This work begins with Euphorbia milii, a plant that carries the historical weight of its common name: the Crown of Thorns. As the primary botanical reference for the most iconic crown in Western art history, this succulent shrub serves as the foundation for an exploration into the shared Jewish roots of a narrative that has shaped centuries of art. A faint face adorned with a thorny crown seeps through from an unseen front, creating a spectral presence reminiscent of the Shroud of Turin. While this figure is traditionally identified by the Latin acronym I.N.R.I. in Western iconography, the text appears here on the raw, reverse side of the canvas in its original Hebrew:
Yeshua HaNotzri Melech HaYehudim.
יֵשׁוּעַ הַנָּצְרִי מֶלֶךְ הַיְּהוּדִים
Seen backwards as it bleeds through the fabric (םיִדוּהְיַה ךְֶלֶמ יִרְצָּנַה עַוּשֵׁי), the inversion emphasizes a "backside" perspective on both the canvas and the narrative’s backstory. These Jewish origins often remain hidden; here they are facing the wall, yet they leave a permanent imprint on the surface of the canvas. Behind a torn section of the painting, a physical plaque bearing the familiar Latin Iesus Nazarenus Rex Iudaeorum is nailed directly to the internal structure. These layers of language, botany, and structural support converge to transform a botanical study into an investigation of history and material memory, all growing from a humble plant defined by formidable spines and small, delicate flowers.

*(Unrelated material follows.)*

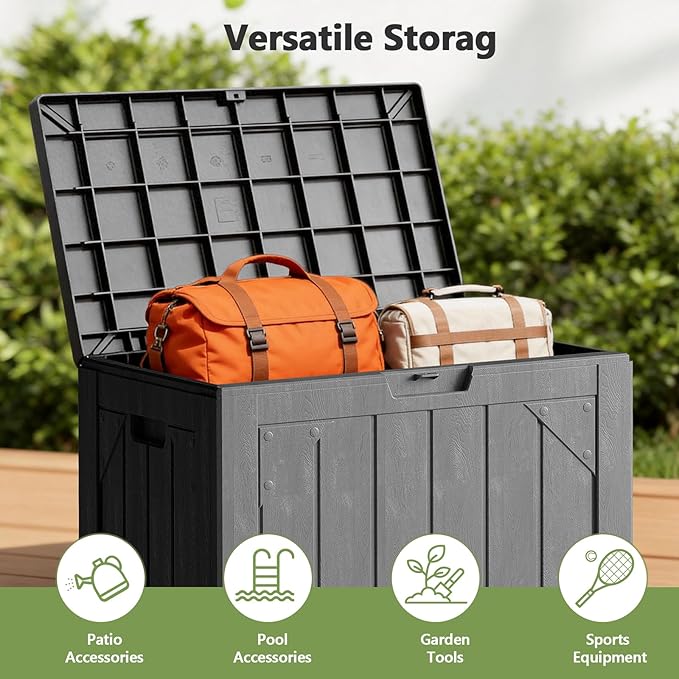 Outdoor Storage Box - 31 Gallon Waterproof Resin Deck Box, Lockable Patio Storage Bench for Package Delivery, Cushions & Garden Tools, UV Resistant (Grey, 31 Gal)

Mixed media on joined canvases
40 x 30 x 1.5 inches
The structure of a still life becomes the window through which the painting’s process is visible.
Front and back. Sketch and underpainting. More than one state at once. Reflection as image. Reflection as pause.
A thistle across multiple states of making and existence. It remains suspended between stages, allowing process, revision, and exposure to shape the experience. Built from stacked and joined canvases that collapse distinctions between front & back, image and support.
Everything, Everywhere, All at Once is a work that holds multiple viewpoints and versions of the same theme simultaneously. Constructed from four stacked canvases that collapse front and back, image and structure. Exposed stretcher bars, raw canvas, finished and unfinished, and painted surfaces exist at once, holding the work in a state of simultaneous narratives.
A Cardinal painting revealing its own construction. Front and back, paint and drawing, existing at the same time.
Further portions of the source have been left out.